Dominance abuse probe ordered by CCI against Tata Motors
The probe panel wants report within 60 days on charges that the Indian commercial vehicle market leader is trying to kill competition
The Competition Commission of India (CCI) has ordered an investigation against Tata Motors Ltd over allegations that the Indian commercial vehicle market leader is indulging in practices to kill the competition with its eschewed dealership agreements.
The competition panel has ordered its investigation arm to probe the allegations with the detailed response from Tata Motors and submit the report within 60 days after finding that Tata Motors' conduct was prima facie abuse of dominance and anti-competitive.
The regulator took note of Tata Motors' dealership agreement and felt that certain clauses can prevent the entry of new players in the market and potentially also result in killing competition by hindering rival's entry into the commercial vehicles market.
Complainants that Tata Motors imposed unfair terms and conditions in its dealership agreement for commercial vehicles was brought before the CCI for consideration.

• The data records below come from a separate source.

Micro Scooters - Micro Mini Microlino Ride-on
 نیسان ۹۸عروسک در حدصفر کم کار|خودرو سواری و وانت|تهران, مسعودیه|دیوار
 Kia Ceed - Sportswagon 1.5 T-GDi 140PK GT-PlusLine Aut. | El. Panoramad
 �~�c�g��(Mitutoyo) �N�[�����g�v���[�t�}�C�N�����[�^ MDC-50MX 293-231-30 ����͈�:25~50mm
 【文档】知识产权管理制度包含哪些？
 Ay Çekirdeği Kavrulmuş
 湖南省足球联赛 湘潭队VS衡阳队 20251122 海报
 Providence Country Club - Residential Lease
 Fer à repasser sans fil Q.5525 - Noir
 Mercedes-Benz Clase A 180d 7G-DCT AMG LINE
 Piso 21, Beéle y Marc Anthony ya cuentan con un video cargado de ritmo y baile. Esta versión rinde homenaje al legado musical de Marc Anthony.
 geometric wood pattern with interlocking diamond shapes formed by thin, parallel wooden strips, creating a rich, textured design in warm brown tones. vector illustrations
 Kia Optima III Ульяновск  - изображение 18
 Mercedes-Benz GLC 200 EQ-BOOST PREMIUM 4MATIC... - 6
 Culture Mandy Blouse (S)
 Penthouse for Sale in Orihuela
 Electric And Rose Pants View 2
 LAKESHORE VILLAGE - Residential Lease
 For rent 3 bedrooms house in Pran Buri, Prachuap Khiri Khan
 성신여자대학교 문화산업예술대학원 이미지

It was alleged that Tata Motors, which controls 43 per cent of space in the Indian commercial vehicles market, was coercing its dealers to order the vehicles according to its whims and fancies by compelling the dealers to copy-paste the list of vehicles provided by Tata Motors on dealer's letterhead and sending it back to the company.
The clauses in the agreement also allowed Tata Motors to restrict and confine the territory of its dealers, the complainants alleged.
The regulator concluded that using its dominant position in the market, Tata Motors was hurting its rivals in the commercial vehicles segment, namely Mahindra & Mahindra, Ashok Leyland and VECV-Eicher, by operating independently of the competing forces.
The competition panel then proceeded to examine the allegations of abuse of dominance and anti-competitive clauses in the dealership agreement.
The regulator, citing the company's email exchanges with its dealer Varanasi Auto Sales Pvt. Ltd., said that on the face of it, the emails suggest that Tata Motors indulged in the practice of coercing the dealers to bill vehicles as per its own needs and requirement.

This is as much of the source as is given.